In Canada, executives report that the difficulty in finding the right information, too much busy work, and ineffective organizational structures are top contributors to poor productivity. To combat those challenges, Canadian HR leaders can take advantage of the anticipated AI-enabled productivity gains (30%) and think about how to use those gains to reskill employees. Organizations will need to strategically bring talent along and that the work operating model is sustainable for the future. Redesign should ensure that productivity gains are shared equitably and inclusively.
Further, to successfully meet the demand for reskilled talent, organizations will need to assess their talent strategy to ensure that HR is able to continuously match the supply and demand of talent, that people are able to upskill and reskill for what’s next, and that employees can connect to those work opportunities.
2. Build trust
Building a more human-centric workplace starts with investing in a trusting relationship with employees, HR, and executives. Trust allows employees to believe their leaders have their best interests at heart. Building trust in the workplace is a matter of demonstrating care for employees rather than just telling employees they matter.
While trust is crucial to business growth, it doesn’t always come easily. About 85% of Canadian employees trust in their organization to do the right thing for the business, 80% trust their organization to do the right thing for employees, and 78% trust their organization to do the right thing for society. These trust indicators are significantly higher than those seen globally, which means that Canadian organizations have a tangible asset with incredible value for employee engagement, productivity, and retention. The key is in how they maintain and augment this trust, particularly as employee expectations grow in regard to critical issues such as pay transparency.
A crucial way to demonstrate care for your employees is by incorporating workplace equity. Equity gives each person an equal opportunity while also considering each person’s unique circumstances.
You will know that you have fostered a place of trust and equity when you see more employees staying. In the Canadian job market, job security and fair pay were the top two ways to build equity in the workplace and encourage employee loyalty.
3. Focus on employee health and well-being
Healthy employees lead to a healthy workplace, which is why 71% of Canadian executives believe that investing in employee health delivers a measurable return. This differs significantly from the 59% of US executives and 66% of global executives who feel the same.
This year, Canadian employee health and well-being is up 3%. Productivity has also risen 3%, showing a close correlation between health and productivity. Over half of executives believe that well-being and health are closely related to productivity, making quality health benefits crucial to company success.
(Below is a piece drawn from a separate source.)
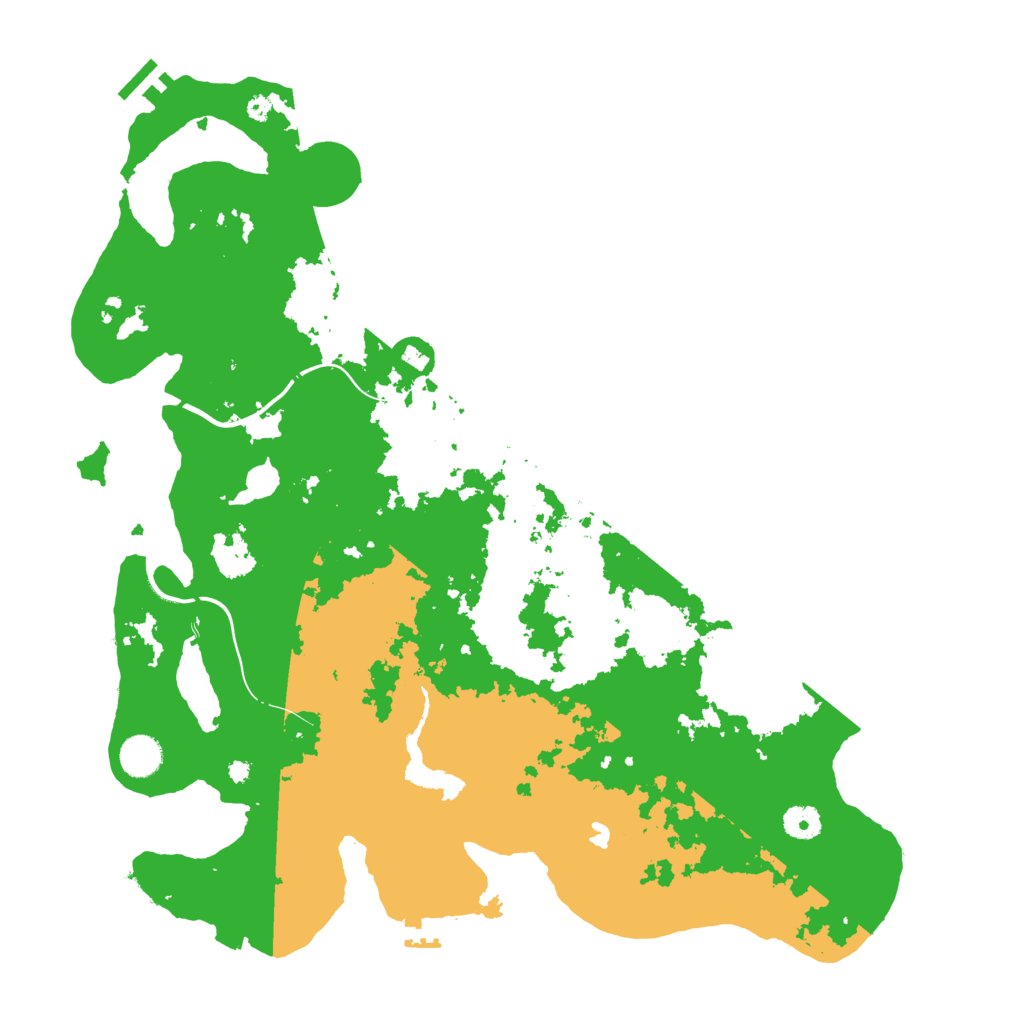 Biome Rust Map: Procedural Map, Size: 4250, Seed: 20240801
In 2024, 64% of Canadian HR managers prioritize physical and mental health benefits, which is higher than reported for US and global HR managers. In addition, 54% plan to use AI to help prevent employee burnout, fighting the staggering statistic of 80% of employees currently at risk of burnout.
Canadian employers will need to invest in the health and resilience of their employees to drive a sustainable talent pipeline. Providing benefits that align with employee desires leads to an employee population less likely to leave — 40% of employees report they would take a pay cut for an increase in benefits.
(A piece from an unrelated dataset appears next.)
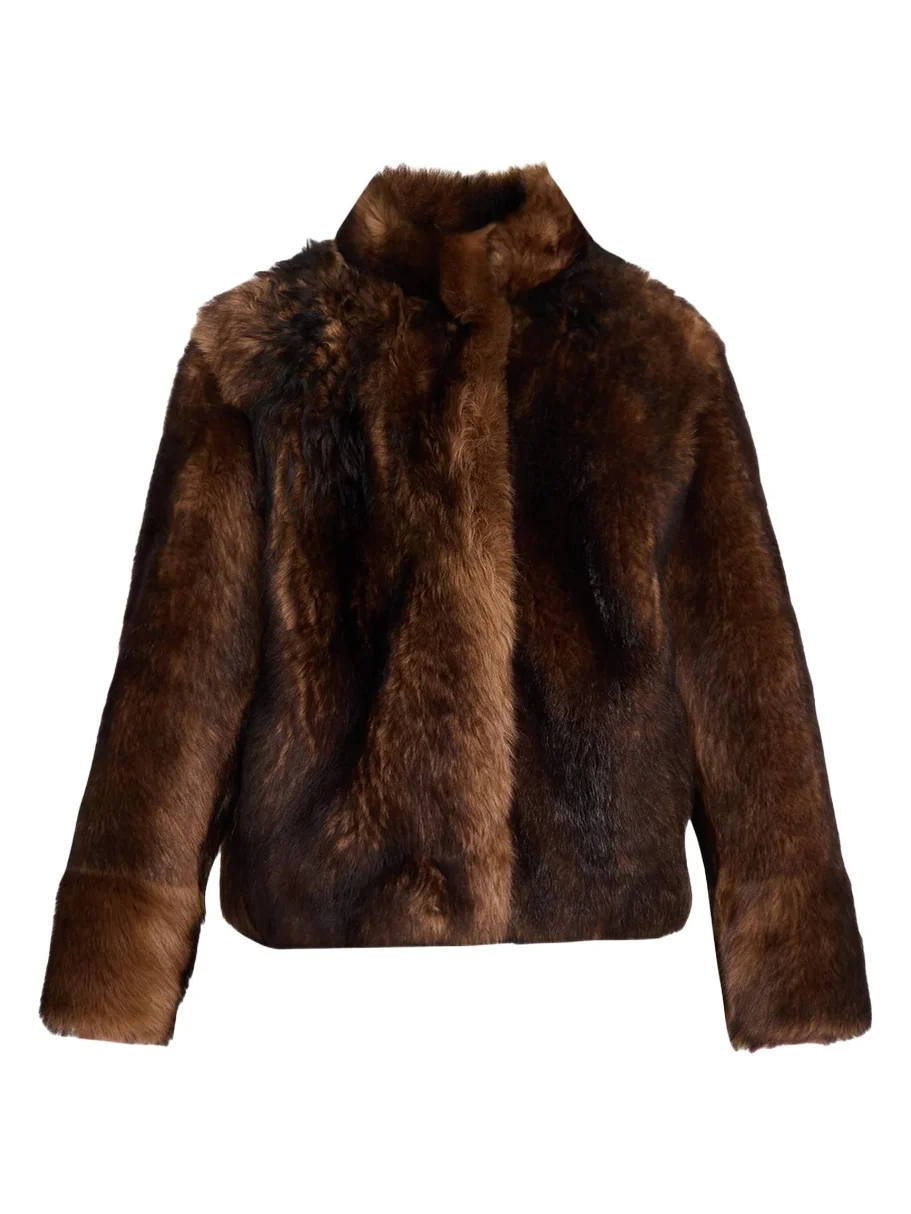 Yves Salomon Lamb Shearling Short Coat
4. Cultivate a digital-first culture
The digital transformation has opened new doors for improving company function, productivity, and health. However, only 53% of Canadian executives believe their digital strategy promotes cross-department collaboration. This is lower than the 65% of global executives and 67% of US executives who believe in their digital collaboration.
What worries Canadian executives most is whether the rapid pace of innovation will surpass their workforce upskilling and reskilling. They are also concerned about not inspiring their workers enough to adopt the new technologies and the consequences of replacing humans with too much AI.
As a result, only 37% of Canadian executives believe incorporating AI and automation will deliver substantial business growth.
How might companies overcome these challenges? It’s not really about technology but about how talent and technology come together to add value. More than half of the organizations adopt new technology without changing the work, which creates disconnects rather than opportunities to drive collaboration.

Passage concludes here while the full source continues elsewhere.